WHAT YOU NEED TO DO:
Return every line from the records below that has the word "Sweater".

:: DATA LISTING

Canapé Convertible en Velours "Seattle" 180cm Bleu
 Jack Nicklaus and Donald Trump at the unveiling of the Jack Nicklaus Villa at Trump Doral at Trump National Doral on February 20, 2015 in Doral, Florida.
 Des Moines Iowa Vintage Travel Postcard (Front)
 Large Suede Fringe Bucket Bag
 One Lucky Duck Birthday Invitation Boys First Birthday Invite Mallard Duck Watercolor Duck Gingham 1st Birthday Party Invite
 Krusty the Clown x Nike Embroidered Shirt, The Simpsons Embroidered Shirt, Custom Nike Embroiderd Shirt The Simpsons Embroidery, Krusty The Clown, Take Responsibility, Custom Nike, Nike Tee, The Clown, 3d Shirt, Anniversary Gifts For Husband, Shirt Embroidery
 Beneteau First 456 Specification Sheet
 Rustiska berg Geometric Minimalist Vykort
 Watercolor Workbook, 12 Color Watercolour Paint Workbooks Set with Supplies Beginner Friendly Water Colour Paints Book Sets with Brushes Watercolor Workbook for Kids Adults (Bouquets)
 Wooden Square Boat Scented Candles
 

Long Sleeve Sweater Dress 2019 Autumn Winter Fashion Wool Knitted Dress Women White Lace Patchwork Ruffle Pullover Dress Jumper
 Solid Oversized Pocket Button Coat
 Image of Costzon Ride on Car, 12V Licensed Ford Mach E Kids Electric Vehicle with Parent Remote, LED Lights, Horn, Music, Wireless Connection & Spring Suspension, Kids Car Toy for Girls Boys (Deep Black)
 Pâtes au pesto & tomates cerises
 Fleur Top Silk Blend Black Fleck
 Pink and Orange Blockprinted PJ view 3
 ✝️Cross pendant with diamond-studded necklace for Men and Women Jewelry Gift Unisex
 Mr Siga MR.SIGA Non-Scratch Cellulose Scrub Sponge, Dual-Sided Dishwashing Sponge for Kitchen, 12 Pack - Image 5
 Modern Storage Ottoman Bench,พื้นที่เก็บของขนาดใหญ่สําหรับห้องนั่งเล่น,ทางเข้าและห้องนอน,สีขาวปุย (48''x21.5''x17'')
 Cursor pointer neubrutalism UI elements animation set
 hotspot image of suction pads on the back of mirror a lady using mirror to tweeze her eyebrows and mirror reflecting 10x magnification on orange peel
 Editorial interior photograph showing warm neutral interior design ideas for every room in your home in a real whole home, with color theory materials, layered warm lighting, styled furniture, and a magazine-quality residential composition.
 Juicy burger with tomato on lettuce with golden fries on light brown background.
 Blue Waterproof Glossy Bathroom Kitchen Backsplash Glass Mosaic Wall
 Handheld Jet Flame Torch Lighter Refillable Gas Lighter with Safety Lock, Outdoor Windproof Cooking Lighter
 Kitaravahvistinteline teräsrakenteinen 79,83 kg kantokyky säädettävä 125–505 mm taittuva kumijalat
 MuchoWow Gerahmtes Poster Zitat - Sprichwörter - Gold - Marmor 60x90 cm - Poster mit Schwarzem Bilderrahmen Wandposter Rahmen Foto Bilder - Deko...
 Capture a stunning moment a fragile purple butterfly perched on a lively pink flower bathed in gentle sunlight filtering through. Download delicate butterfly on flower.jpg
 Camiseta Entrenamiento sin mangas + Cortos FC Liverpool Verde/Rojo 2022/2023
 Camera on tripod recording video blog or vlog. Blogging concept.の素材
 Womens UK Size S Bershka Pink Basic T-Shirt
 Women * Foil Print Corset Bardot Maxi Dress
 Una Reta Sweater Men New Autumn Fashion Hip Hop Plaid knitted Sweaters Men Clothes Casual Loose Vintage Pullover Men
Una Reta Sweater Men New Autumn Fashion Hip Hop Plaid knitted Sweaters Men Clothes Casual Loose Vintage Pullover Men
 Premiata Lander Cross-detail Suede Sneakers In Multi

::::

REPLY:
Long Sleeve Sweater Dress 2019 Autumn Winter Fashion Wool Knitted Dress Women White Lace Patchwork Ruffle Pullover Dress Jumper
 Una Reta Sweater Men New Autumn Fashion Hip Hop Plaid knitted Sweaters Men Clothes Casual Loose Vintage Pullover Men
Una Reta Sweater Men New Autumn Fashion Hip Hop Plaid knitted Sweaters Men Clothes Casual Loose Vintage Pullover Men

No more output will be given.